» **HOW TO COMPLETE THIS TASK**:
Only the lines in the entries below from the line with "premium quality white" to the line with "One Shoulder Cocktail", both included, belong in the answer, transcribed exactly and without pictures.

» **RECORDS FOR THIS EXERCISE**:
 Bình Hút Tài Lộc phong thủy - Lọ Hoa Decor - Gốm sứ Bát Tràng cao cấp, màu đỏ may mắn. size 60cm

--

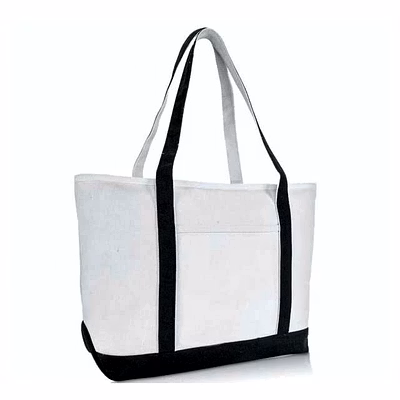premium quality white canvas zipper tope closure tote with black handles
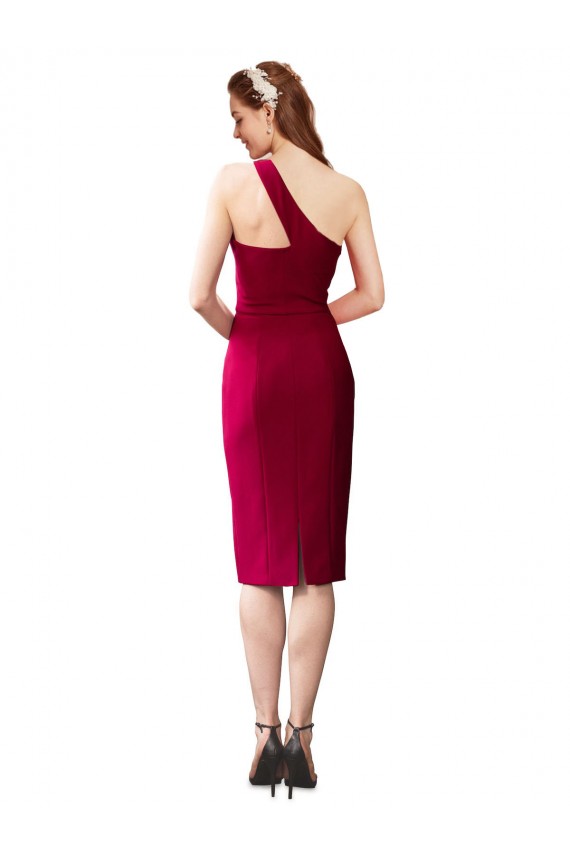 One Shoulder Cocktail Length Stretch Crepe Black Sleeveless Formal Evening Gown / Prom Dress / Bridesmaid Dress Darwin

» **EXERCISE ANSWER**:
premium quality white canvas zipper tope closure tote with black handles
 One Shoulder Cocktail Length Stretch Crepe Black Sleeveless Formal Evening Gown / Prom Dress / Bridesmaid Dress Darwin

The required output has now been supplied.